For More Stability (Conservative)

  • Increase minDataPoints to 5
  • Increase maxHistory to 30
  • Reduce tauStep to 60s for finer search
  • Increase error improvement threshold to 0.95

For Different Cooking Styles

High-Heat/Fast Cooking:

  • Reduce tauMin to 180s (3 minutes)
  • Reduce tauMax to 7200s (2 hours)
  • Increase grill factors (more aggressive heat transfer)

Low-and-Slow:

  • Increase tauMin to 600s (10 minutes)
  • Increase tauMax to 43200s (12 hours)
  • Reduce grill factors (gentler heat transfer)

Precision Cooking:

  • Reduce tauStep to 60s
  • Increase maxHistory to 50
  • Increase minDataPoints to 8

Code Locations

Primary Implementation

  • exponential.go: Main predictor logic
  • estimateTimeConstant(): Tau calculation (lines ~85-110)
  • calculateEffectiveEquilibrium(): Grill dynamics (lines ~200-240)

Key Constants to Modify

// In NewExponentialPredictor()
minDataPoints: 3,        // Line 36

// In Update()
ep.timeConstant = 3600.0 // Line 55 (default tau)

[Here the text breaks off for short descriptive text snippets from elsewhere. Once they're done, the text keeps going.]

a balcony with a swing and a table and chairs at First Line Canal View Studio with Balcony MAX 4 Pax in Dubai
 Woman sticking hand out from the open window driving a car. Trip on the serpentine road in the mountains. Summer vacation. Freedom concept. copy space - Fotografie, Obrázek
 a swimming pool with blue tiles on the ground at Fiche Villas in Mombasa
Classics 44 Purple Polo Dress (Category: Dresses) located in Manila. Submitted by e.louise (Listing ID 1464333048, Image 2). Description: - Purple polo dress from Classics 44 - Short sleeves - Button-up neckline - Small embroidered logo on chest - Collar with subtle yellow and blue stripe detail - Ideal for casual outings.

// In estimateTimeConstant()
for tau := 300.0; tau <= 28800.0; tau += 300.0 // Line 103

// In calculateEffectiveEquilibrium()
effectiveEquilibrium = probeTarget + grillDelta*0.1 // Line 222
effectiveEquilibrium = probeTarget + grillDelta*0.2 // Line 225
effectiveEquilibrium = probeTarget + grillDelta*0.5 // Line 228
effectiveEquilibrium = grillTemp + math.Max(grillDelta*0.3, -20) // Line 232

Testing Your Changes

Using the Forecast Command

Test parameter changes against historical data:

./wifire forecast --input your_cook.json --actual 2025-01-17T20:49:45-05:00

Key Metrics to Watch

  1. Accuracy: How close predictions are to actual finish time
  2. Stability: How much predictions jump between measurements
  3. Convergence: How quickly the model settles on accurate predictions
  4. Tau Values: Are estimated tau values reasonable for your cooking style?

Sample Output Analysis

Time       Delta    Grill    Probe    Target   Velocity   Filtered   Exp ETA      Actual       Accuracy  
19:31:34   61       254      190      204      59.0       190.00     1h17m        1h18m        -0.6%     
  • Good accuracy: ±5% error or better
  • Reasonable tau: Visible in debug output (typically 1-6 hours for BBQ)
  • Stable velocity: Not wildly fluctuating between measurements

Advanced Customization

Custom Grill Profiles

You can create cooking-style-specific profiles by modifying the grill dynamics factors:

// Competition BBQ profile (conservative)
grillFactors := []float64{0.05, 0.1, 0.3, 0.2}

// Fast grilling profile (aggressive)  
grillFactors := []float64{0.2, 0.4, 0.7, 0.5}

Environmental Factors

Consider adding parameters for:

  • Ambient temperature effects
  • Wind/weather conditions
  • Meat wrapping (Texas crutch)
  • Probe placement (thickness dependency)

The exponential prediction system provides a solid physics-based foundation that can be tuned for your specific cooking environment and style.